§ Work required
Quote the entries below from the line with "见证时刻 | 北方6008集团官方网站集团挂牌新三板，，，，，鸣钟开市！" through the line with "GOLDEN GD-N6515 Semi-Automatic", both ends included, and only those lines.

Start of Excerpted data

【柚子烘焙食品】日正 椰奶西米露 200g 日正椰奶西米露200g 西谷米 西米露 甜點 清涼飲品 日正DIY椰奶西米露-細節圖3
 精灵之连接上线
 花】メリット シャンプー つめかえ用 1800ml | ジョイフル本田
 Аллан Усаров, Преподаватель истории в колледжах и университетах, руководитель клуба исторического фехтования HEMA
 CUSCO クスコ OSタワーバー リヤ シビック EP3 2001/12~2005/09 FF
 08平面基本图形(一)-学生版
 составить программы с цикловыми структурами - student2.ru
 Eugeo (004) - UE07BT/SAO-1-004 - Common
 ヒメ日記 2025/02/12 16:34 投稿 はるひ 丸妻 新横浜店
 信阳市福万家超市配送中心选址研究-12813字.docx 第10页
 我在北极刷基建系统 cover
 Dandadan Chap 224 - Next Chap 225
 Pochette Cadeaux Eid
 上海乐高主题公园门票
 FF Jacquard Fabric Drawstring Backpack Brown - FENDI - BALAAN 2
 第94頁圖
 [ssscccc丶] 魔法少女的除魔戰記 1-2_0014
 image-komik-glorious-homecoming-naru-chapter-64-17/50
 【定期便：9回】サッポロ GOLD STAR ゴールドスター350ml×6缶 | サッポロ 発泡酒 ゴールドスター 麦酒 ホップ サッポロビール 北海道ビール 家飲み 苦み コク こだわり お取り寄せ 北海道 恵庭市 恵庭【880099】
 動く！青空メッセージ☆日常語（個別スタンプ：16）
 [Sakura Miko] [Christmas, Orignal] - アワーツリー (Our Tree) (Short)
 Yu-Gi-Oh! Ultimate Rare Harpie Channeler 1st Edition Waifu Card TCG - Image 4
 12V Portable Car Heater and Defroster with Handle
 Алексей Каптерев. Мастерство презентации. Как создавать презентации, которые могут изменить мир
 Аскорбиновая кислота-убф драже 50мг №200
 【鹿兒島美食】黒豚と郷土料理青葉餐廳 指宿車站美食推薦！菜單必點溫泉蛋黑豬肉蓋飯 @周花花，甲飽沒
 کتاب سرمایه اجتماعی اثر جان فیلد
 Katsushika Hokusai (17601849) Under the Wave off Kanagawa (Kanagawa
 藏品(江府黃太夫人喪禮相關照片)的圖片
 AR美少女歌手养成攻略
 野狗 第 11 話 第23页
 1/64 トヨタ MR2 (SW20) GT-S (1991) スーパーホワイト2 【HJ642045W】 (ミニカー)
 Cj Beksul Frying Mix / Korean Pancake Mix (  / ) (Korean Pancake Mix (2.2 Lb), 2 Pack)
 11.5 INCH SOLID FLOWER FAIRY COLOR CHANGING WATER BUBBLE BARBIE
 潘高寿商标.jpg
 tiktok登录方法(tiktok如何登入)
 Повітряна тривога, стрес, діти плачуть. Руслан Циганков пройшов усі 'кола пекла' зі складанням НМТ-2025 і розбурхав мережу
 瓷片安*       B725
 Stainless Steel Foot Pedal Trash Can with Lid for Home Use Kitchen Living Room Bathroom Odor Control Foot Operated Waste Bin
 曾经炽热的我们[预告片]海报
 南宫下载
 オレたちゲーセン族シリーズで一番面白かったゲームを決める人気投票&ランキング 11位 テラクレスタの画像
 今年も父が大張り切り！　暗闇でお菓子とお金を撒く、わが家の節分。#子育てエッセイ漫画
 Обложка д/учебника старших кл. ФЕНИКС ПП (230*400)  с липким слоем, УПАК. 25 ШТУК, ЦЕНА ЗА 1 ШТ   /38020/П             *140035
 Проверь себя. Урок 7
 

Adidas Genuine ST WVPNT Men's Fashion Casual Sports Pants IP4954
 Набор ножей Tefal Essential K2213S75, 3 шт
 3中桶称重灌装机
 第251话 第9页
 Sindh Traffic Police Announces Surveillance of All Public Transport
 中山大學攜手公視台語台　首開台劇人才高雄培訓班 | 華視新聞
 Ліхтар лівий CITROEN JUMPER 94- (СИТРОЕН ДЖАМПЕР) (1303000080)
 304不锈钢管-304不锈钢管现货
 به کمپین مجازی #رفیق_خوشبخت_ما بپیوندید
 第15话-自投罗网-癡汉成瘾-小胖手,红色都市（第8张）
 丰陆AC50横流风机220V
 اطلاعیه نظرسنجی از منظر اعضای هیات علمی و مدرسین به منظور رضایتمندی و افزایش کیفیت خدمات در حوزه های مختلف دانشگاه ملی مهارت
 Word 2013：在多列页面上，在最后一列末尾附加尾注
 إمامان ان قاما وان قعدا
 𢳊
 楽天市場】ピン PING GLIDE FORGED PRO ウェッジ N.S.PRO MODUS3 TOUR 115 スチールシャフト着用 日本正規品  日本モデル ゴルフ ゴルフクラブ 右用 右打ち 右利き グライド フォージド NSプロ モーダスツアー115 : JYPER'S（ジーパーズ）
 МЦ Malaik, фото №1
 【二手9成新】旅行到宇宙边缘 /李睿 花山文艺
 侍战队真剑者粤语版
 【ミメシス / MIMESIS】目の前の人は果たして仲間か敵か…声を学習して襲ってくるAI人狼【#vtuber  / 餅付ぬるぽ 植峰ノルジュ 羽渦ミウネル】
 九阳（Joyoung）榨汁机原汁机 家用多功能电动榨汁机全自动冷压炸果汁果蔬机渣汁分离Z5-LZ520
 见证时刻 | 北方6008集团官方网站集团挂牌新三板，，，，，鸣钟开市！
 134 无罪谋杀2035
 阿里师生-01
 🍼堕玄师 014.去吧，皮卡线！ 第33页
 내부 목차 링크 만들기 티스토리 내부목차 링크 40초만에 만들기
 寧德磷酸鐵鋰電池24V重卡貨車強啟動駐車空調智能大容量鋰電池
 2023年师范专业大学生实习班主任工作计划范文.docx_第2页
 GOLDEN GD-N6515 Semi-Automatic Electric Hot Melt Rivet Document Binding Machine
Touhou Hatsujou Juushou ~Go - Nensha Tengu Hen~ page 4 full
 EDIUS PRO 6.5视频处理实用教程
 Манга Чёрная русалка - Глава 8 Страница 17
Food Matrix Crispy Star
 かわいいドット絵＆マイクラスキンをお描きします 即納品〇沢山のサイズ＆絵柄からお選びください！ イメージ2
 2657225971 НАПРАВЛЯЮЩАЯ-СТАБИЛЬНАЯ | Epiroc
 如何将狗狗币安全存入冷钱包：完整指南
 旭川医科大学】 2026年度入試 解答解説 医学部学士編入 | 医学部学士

End of Excerpted data

§ Response
 见证时刻 | 北方6008集团官方网站集团挂牌新三板，，，，，鸣钟开市！
 134 无罪谋杀2035
 阿里师生-01
 🍼堕玄师 014.去吧，皮卡线！ 第33页
 내부 목차 링크 만들기 티스토리 내부목차 링크 40초만에 만들기
 寧德磷酸鐵鋰電池24V重卡貨車強啟動駐車空調智能大容量鋰電池
 2023年师范专业大学生实习班主任工作计划范文.docx_第2页
 GOLDEN GD-N6515 Semi-Automatic Electric Hot Melt Rivet Document Binding Machine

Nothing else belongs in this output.